WHAT YOU SHOULD DO:
Transcribe the listing in full, excluding any pictures.

PROVIDED DATA:
--
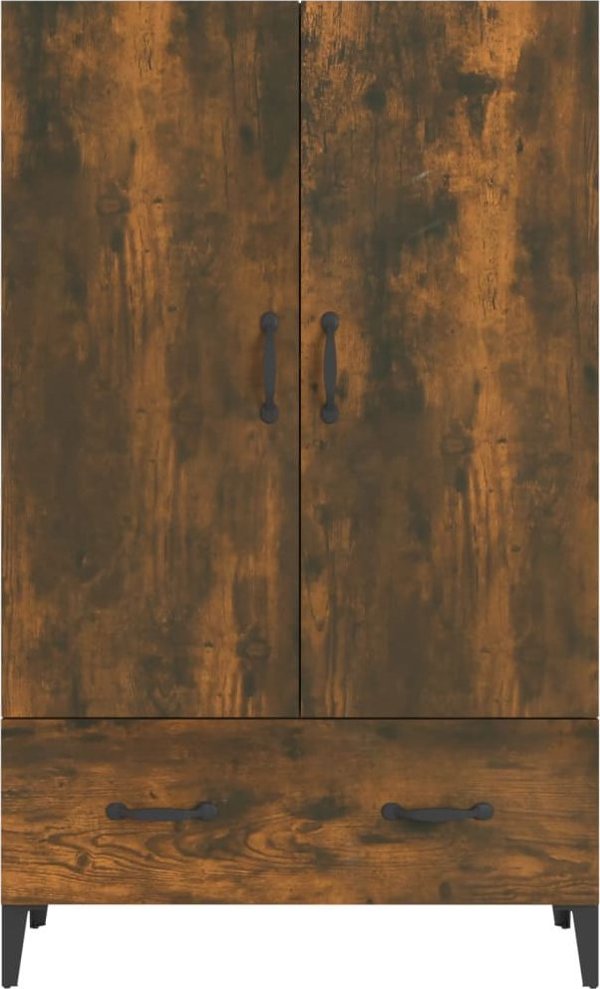 vidaXL ντουλάπι, καπνιστή δρυς, 70x31x115 εκ., υλικό ξύλου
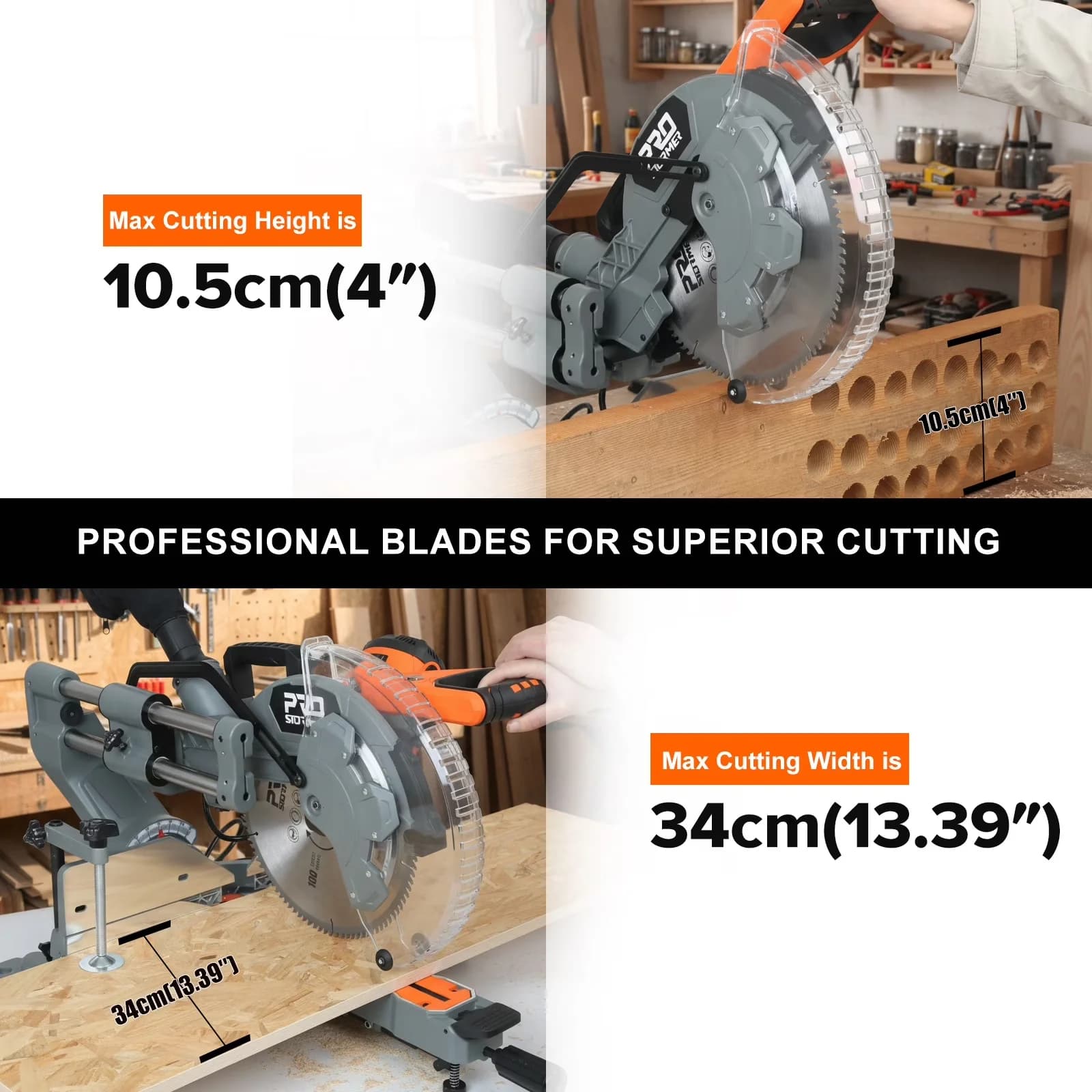 Power Saw Innovative with LED, Adjustable, LED Precision Alignment - 12 Model C47B1A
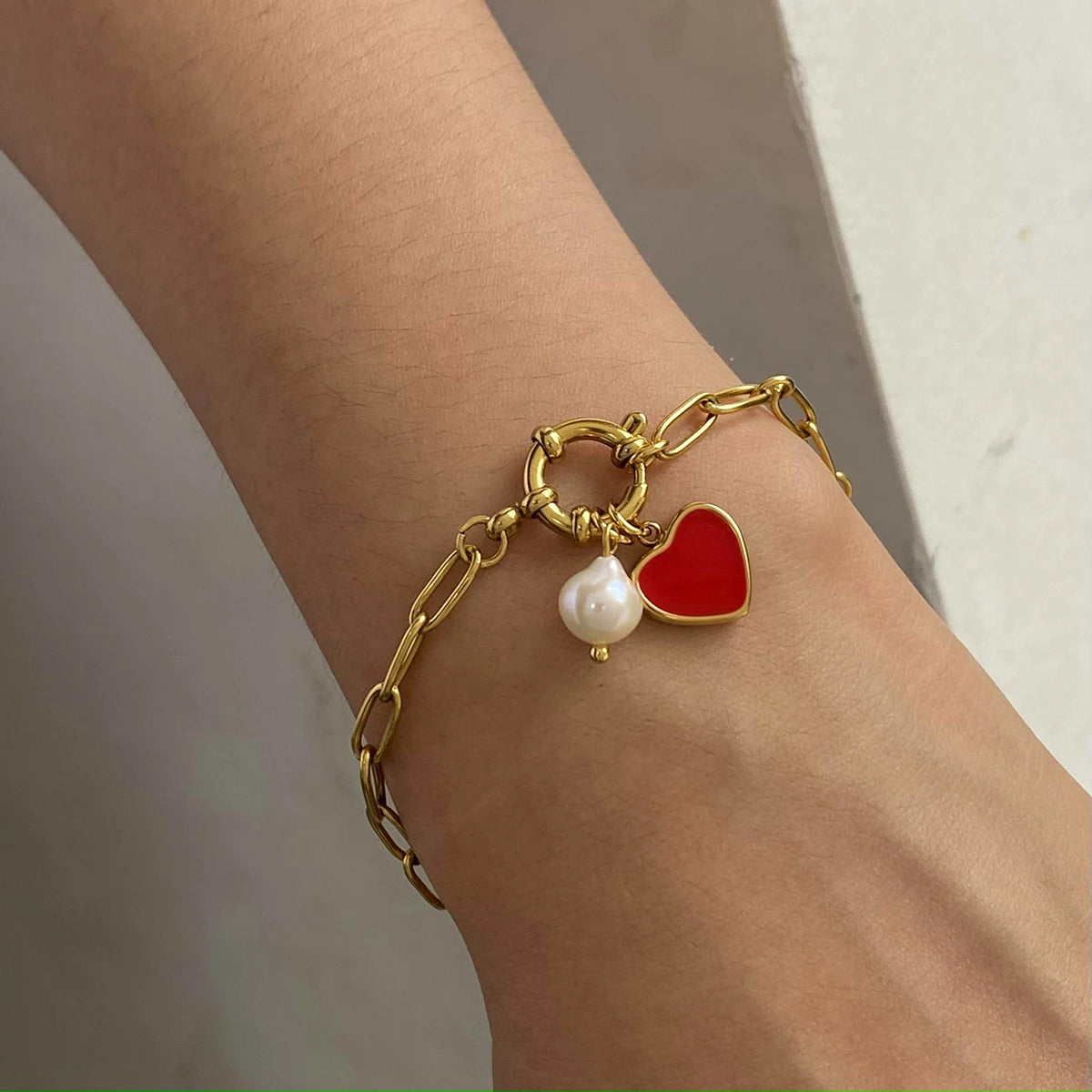 Love Pearl Bracelet Pendant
--
REPLY TO THE TASK:
 vidaXL ντουλάπι, καπνιστή δρυς, 70x31x115 εκ., υλικό ξύλου
 Power Saw Innovative with LED, Adjustable, LED Precision Alignment - 12 Model C47B1A
 Love Pearl Bracelet Pendant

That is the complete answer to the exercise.